*** Opening of Input material ***
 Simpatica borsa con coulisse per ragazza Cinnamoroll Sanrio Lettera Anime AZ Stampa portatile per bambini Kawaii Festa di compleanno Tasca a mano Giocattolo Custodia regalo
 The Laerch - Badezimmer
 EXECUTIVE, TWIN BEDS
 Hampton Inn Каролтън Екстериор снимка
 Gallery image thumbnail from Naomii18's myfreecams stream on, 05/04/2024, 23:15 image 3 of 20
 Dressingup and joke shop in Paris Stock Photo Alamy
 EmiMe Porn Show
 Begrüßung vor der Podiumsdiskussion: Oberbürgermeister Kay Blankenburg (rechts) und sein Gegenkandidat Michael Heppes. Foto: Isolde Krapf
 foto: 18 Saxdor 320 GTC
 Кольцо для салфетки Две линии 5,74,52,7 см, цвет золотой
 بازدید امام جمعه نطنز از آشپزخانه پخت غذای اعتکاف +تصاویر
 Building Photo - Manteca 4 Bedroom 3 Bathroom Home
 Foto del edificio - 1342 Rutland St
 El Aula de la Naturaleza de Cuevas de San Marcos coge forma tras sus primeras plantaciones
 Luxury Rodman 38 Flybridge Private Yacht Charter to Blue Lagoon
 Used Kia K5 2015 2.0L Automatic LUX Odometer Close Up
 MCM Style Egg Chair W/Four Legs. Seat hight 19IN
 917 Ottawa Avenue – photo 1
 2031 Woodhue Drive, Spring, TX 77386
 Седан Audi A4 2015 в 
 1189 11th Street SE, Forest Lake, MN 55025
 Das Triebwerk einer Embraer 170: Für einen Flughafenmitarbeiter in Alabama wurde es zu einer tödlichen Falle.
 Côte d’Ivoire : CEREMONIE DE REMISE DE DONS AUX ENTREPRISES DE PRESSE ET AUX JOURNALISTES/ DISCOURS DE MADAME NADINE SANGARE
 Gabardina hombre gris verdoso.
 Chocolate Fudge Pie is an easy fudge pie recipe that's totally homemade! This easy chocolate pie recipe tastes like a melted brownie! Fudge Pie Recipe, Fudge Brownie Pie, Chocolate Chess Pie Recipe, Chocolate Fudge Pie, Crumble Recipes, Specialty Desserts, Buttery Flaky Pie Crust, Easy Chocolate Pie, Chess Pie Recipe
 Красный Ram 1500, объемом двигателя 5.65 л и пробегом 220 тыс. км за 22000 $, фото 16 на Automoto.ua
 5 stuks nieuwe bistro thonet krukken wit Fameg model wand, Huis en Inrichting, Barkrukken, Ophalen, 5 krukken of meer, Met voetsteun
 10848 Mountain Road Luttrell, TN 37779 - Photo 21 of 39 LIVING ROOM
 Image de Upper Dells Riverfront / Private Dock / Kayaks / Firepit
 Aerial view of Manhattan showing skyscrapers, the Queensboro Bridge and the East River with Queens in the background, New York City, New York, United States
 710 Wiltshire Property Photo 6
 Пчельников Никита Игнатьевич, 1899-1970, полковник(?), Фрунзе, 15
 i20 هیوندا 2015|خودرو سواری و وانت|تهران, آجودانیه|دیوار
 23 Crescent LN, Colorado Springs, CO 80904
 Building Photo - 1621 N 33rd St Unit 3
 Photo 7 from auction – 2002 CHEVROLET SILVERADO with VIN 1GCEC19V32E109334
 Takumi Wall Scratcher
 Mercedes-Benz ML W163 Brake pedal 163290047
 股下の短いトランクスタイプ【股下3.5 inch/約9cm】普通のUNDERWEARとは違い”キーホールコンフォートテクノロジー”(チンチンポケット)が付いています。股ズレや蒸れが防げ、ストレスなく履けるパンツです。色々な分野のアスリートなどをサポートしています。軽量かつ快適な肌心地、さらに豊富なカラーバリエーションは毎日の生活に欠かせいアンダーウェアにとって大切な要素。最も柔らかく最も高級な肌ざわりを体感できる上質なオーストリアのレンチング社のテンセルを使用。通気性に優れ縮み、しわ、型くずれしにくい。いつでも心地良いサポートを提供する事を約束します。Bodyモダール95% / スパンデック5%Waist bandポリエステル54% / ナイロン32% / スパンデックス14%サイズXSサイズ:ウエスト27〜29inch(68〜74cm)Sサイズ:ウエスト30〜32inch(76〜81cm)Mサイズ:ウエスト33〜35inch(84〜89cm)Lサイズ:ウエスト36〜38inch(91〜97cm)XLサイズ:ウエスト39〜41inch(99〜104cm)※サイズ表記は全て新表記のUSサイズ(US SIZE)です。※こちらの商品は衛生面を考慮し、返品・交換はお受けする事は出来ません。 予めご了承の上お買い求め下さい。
*** Close of Input material ***
**Task to complete**
Transcribe the lines above between the line holding "Building Photo - Manteca" and the line holding "Das Triebwerk einer", inclusive, exactly as they stand and with nothing added.

**Output for this exercise**
 Building Photo - Manteca 4 Bedroom 3 Bathroom Home
 Foto del edificio - 1342 Rutland St
 El Aula de la Naturaleza de Cuevas de San Marcos coge forma tras sus primeras plantaciones
 Luxury Rodman 38 Flybridge Private Yacht Charter to Blue Lagoon
 Used Kia K5 2015 2.0L Automatic LUX Odometer Close Up
 MCM Style Egg Chair W/Four Legs. Seat hight 19IN
 917 Ottawa Avenue – photo 1
 2031 Woodhue Drive, Spring, TX 77386
 Седан Audi A4 2015 в 
 1189 11th Street SE, Forest Lake, MN 55025
 Das Triebwerk einer Embraer 170: Für einen Flughafenmitarbeiter in Alabama wurde es zu einer tödlichen Falle.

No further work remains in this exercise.